YF-102 pre-production model

The early interceptors used by the US Air Force lacked the necessary speed and climb rate to intercept enemy bombers far from their intended target.  The jets coming off the drawing board following World War II were designed to be fighters, able to maneuver in dogfights, although these first efforts like the F-80, F-84 and F-94 were disappointing in this ability.  They also lacked thrust and swept-wing aerodynamics. 

F-102 shadows Tu-95 Bear

An interceptor doesn’t need dogfighting ability to defeat bombers.  It just needs speed and lots of it.  It also needs to pack a knockout punch that will quickly dispatch a bomber from the sky.  What the Air Force wanted for this role was an airborne weapons system that could fly faster than the speed of sound at level flight.  Using gravity in a dive to break the sound barrier was cheating.  The winning design was for a jet that would eventually come to be known as the F-106 Delta Dart.  It was a very ambitious project and it was soon apparent that development would take too long to meet the current threat posed by Soviet strategic bombers.  The Air Force agreed to produce an interim solution that would become the F-102 Delta Dagger, or ‘Deuce’ as it was called by its pilots. 

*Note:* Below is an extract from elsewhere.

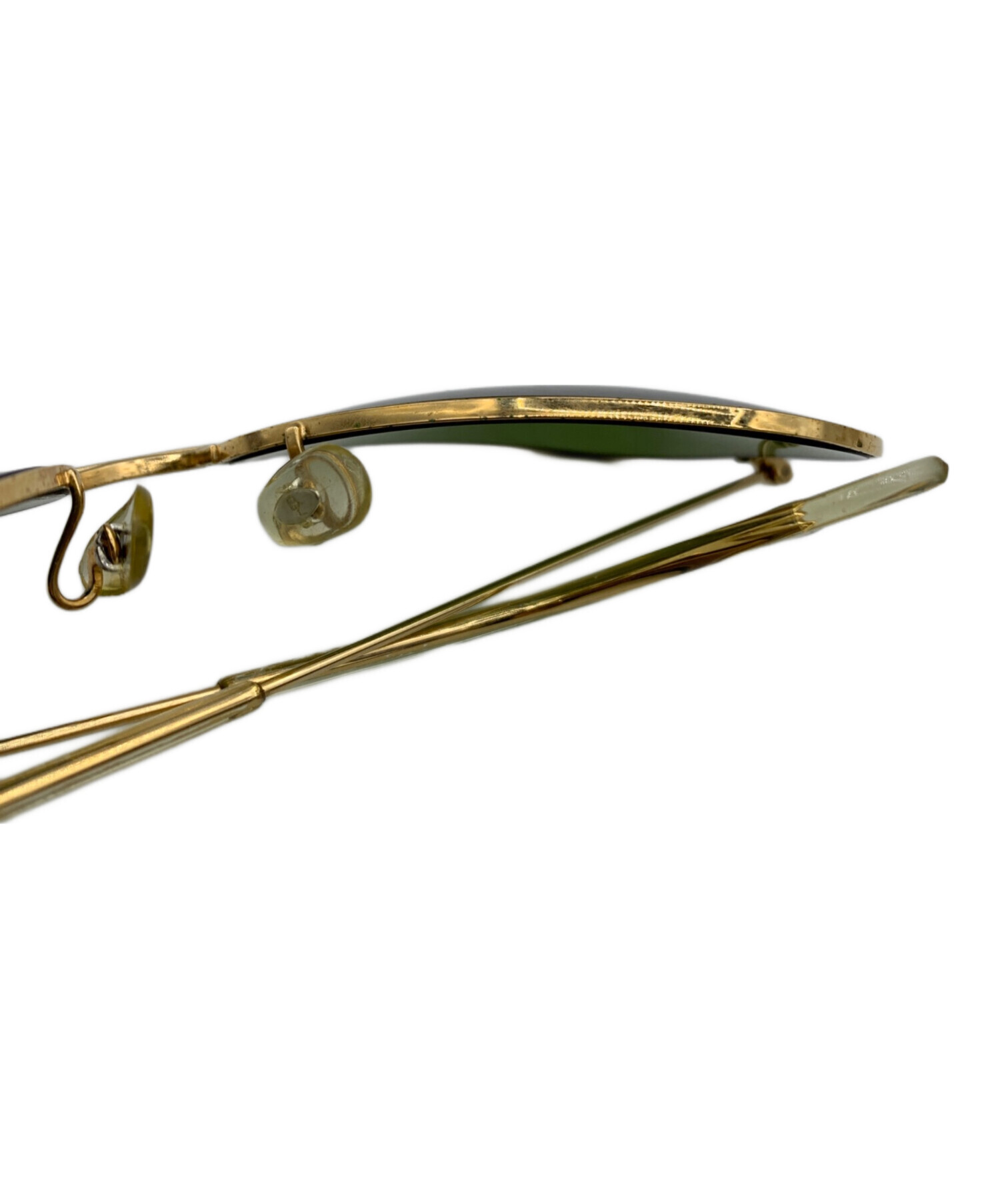 中古・古着通販】RAY-BAN (レイバン) サングラス ゴールド｜ブランド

Early F-102s fired unguided Mighty Mouse missiles

The F-102 benefitted from a research plane developed by Convair in 1948.  This was the XF-92.  It was specifically designed to test research Germany had done on developing a delta wing jet during World War Two.  The knowledge gained from flying the XF-92 contributed considerably to the design of the F-102.  Still, there were unanticipated problems.  Despite a powerful jet engine the F-102 was not able to attain supersonic speed at level flight – a basic requirement.  The problem was the aircraft wasn’t slippery enough in cutting through the atmosphere.  It had an unexpected problem with drag.  Transonic speed, or going faster than sound, required the fuselage to be redesigned so that it was narrower over the wings and wider on the ends.  This became known as the “area rule” and it resulted in a fuselage that vaguely resembled the shape of a Coke bottle.

All armament was within an internal weapons bay

The exotic fire control system developed by Hughes also delayed the jet’s delivery date.  Besides having an airborne radar system capable of tracking multiple targets simultaneously, it introduced an on-board computer to fighter-sized jets and it provided a datalink system synchronized with the ground-control radar operator.  It was a fine package but it proved to be a difficult birth and when the F-102 finally went into service with the Air Force in 1956 it was three years late. 

XF-92 had a nose air intake

Captured German war designs benefited the XF-92

Better late than never.  The F-102 performed admirably and at its peak it was flown by 26 squadrons of the US Air Defense Command.  It was more than an interim solution.  It was a world-class interceptor in its own right and it made a significant contribution to the history of Cold War aviation.